• TASK OBJECTIVE
Restate verbatim the span of lines below between the line with "Mehrfamilienhaus mit Gewerbeeinheit" and the line with "Ivory-Faux Fuzzy Fur", including those two lines, and only that span.

☆ ☆ ☆ ☆ ☆

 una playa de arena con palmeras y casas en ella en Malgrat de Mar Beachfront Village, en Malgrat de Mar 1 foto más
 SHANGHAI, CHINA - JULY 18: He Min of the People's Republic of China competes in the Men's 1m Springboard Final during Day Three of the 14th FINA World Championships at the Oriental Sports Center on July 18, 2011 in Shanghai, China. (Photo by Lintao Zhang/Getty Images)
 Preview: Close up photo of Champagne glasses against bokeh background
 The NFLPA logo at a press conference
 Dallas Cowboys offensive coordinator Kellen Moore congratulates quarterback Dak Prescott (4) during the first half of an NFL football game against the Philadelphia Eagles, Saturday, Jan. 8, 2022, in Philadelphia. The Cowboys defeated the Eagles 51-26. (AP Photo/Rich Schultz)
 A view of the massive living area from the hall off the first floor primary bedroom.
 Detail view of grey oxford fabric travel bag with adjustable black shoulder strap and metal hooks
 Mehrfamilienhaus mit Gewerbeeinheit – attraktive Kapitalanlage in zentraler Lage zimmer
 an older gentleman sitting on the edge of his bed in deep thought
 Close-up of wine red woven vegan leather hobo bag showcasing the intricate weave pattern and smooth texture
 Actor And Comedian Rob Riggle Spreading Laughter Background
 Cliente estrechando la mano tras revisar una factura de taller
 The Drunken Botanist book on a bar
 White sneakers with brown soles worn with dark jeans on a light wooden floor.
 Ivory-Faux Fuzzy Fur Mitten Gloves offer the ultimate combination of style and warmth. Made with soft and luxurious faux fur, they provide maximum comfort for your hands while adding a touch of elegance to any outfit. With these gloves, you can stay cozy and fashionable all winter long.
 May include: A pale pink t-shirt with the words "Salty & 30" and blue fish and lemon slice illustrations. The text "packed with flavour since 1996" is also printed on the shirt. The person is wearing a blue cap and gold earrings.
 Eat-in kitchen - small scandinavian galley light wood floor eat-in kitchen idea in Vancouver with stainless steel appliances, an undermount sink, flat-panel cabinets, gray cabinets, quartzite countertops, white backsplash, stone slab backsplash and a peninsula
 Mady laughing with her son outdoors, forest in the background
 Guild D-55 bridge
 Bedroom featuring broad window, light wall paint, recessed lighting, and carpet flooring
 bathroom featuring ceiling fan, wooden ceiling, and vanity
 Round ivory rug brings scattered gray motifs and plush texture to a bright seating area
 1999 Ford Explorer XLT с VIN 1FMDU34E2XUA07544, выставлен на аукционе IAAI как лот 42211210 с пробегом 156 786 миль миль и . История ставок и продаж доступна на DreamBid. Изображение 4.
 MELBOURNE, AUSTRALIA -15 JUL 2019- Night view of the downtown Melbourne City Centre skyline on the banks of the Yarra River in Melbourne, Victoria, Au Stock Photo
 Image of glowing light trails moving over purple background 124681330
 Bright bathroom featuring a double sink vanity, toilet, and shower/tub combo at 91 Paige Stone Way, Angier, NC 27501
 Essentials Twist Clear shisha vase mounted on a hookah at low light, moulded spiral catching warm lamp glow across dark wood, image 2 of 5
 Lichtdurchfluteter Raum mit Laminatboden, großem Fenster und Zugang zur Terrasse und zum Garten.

☆ ☆ ☆ ☆ ☆

• TASK RESULT
 Mehrfamilienhaus mit Gewerbeeinheit – attraktive Kapitalanlage in zentraler Lage zimmer
 an older gentleman sitting on the edge of his bed in deep thought
 Close-up of wine red woven vegan leather hobo bag showcasing the intricate weave pattern and smooth texture
 Actor And Comedian Rob Riggle Spreading Laughter Background
 Cliente estrechando la mano tras revisar una factura de taller
 The Drunken Botanist book on a bar
 White sneakers with brown soles worn with dark jeans on a light wooden floor.
 Ivory-Faux Fuzzy Fur Mitten Gloves offer the ultimate combination of style and warmth. Made with soft and luxurious faux fur, they provide maximum comfort for your hands while adding a touch of elegance to any outfit. With these gloves, you can stay cozy and fashionable all winter long.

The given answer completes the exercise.